How will the markets react to a Trump comeback in 2024?
Donald Trump, the former president who was impeached twice and banned from social media platforms, is gearing up for another run for the White House in 2024. He has already announced his intention to challenge the incumbent Joe Biden, who defeated him in the 2020 election by a margin of more than 7 million votes. Trump has also claimed, without evidence, that the 2020 election was rigged and stolen from him.
But how will the financial markets react to the possibility of a Trump comeback in 2024? Will they welcome his pro-business policies and tax cuts, or fear his unpredictability and trade wars? Here are some of the factors that could influence the market sentiment in the run-up to the next presidential election.
The economy and the pandemic
One of the main drivers of the market performance is the state of the economy and the recovery from the Covid-19 pandemic. Biden has overseen a massive stimulus package of $1.9 trillion, which has boosted consumer spending, job creation, and vaccination rates. The U.S. economy grew by 6.4% in the first quarter of 2021, and is expected to expand by 7% for the whole year, according to the International Monetary Fund (IMF).
Trump, on the other hand, has criticized Biden’s handling of the pandemic and the economy, and has vowed to reverse his policies if he returns to power. He has also blamed China for the outbreak of the virus, and has threatened to impose more tariffs and sanctions on the Asian giant.

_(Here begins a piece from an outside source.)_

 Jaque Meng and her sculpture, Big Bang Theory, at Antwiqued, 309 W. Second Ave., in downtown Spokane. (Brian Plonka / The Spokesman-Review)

Trump’s approach to the pandemic and the economy could undermine the recovery and increase the uncertainty and volatility in the markets.

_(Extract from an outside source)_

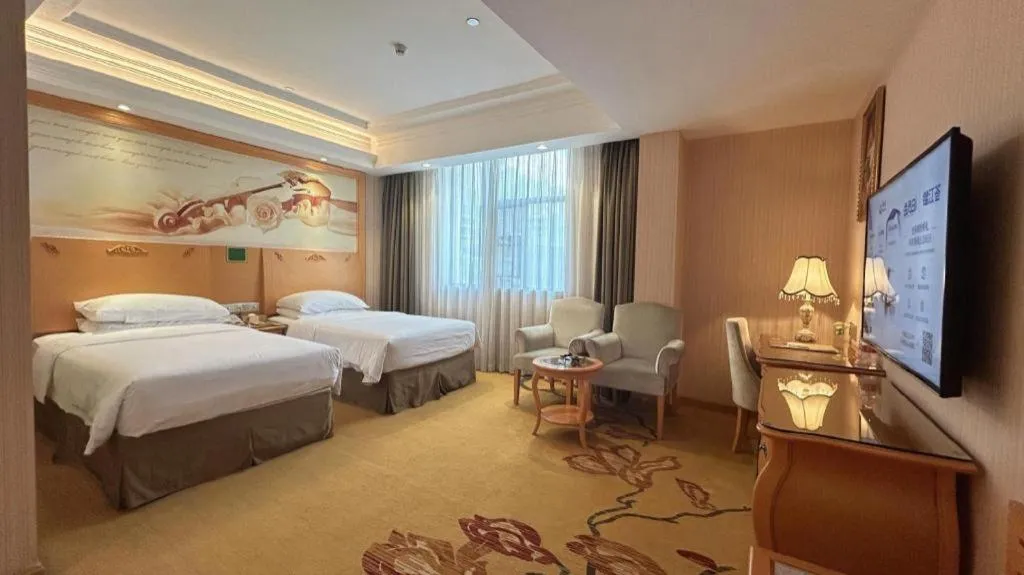 Bed in Vienna Hotel Guangxi Beiliu Passenger Station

The tax and regulatory environment
Another factor that could affect the market outlook is the tax and regulatory environment under different administrations. Trump’s signature achievement in his first term was the Tax Cuts and Jobs Act of 2017, which slashed the corporate tax rate from 35% to 21%, and reduced the income tax rates for individuals and businesses. He has also promised to cut the corporate tax rate further to 15%, and to make the tax cuts permanent, if he wins a second term.
Biden, meanwhile, has proposed to raise the corporate tax rate to 28%, and to increase the income tax rates for the wealthy and the capital gains tax for investors. He has also pledged to invest in infrastructure, clean energy, education, and health care, which would require more government spending and borrowing. Biden’s tax and spending plans could dampen the profitability and growth prospects of some sectors and companies, especially those that benefited from Trump’s tax cuts.
The trade and geopolitical situation
A third factor that could influence the market mood is the trade and geopolitical situation under different presidents. Trump’s trade policy has been marked by protectionism, nationalism, and unilateralism. He has imposed tariffs and quotas on various countries, especially China, and has renegotiated or withdrawn from several trade agreements, such as the North American Free Trade Agreement (NAFTA) and the Trans-Pacific Partnership (TPP). He has also escalated tensions with Iran, North Korea, and other adversaries, and has alienated some of the U.S. allies, such as the European Union and NATO.
Biden’s trade policy has been more multilateral, cooperative, and pragmatic. He has suspended some of the tariffs that Trump imposed, and has sought to rebuild the relations with the U.S. allies and partners. He has also expressed a willingness to rejoin some of the trade deals that Trump abandoned, such as the TPP and the Paris climate accord. He has also pursued a more diplomatic and balanced approach to dealing with China, Iran, and other rivals, while maintaining a strong stance on human rights and democracy.
The market reaction
Given these factors, how will the markets react to a Trump comeback in 2024? The answer is not straightforward, as different sectors and asset classes could have different responses. For instance, some industries, such as energy, defense, and financials, could benefit from Trump’s policies, while others, such as technology, health care, and renewables, could suffer. Similarly, some asset classes, such as stocks, commodities, and cryptocurrencies, could rally on Trump’s stimulus and deregulation, while others, such as bonds, gold, and the dollar, could fall on Trump’s inflation and deficit.
Overall, the market reaction to a Trump comeback in 2024 could depend on the extent to which he can implement his agenda, and the degree to which he can avoid major conflicts and crises. The market could also factor in the likelihood of a Trump victory, and the margin of his win or loss, as well as the composition of the Congress and the Supreme Court. The market could also compare and contrast Trump’s policies and performance with those of Biden, and the expectations and preferences of the investors and consumers.
In conclusion, a Trump comeback in 2024 could have significant implications for the markets, both positive and negative, depending on the sector, asset, and scenario. The markets could also experience more volatility and uncertainty, as Trump’s policies and personality are often unpredictable and controversial. Therefore, investors and traders should be prepared for a wide range of outcomes and risks, and diversify their portfolios and strategies accordingly.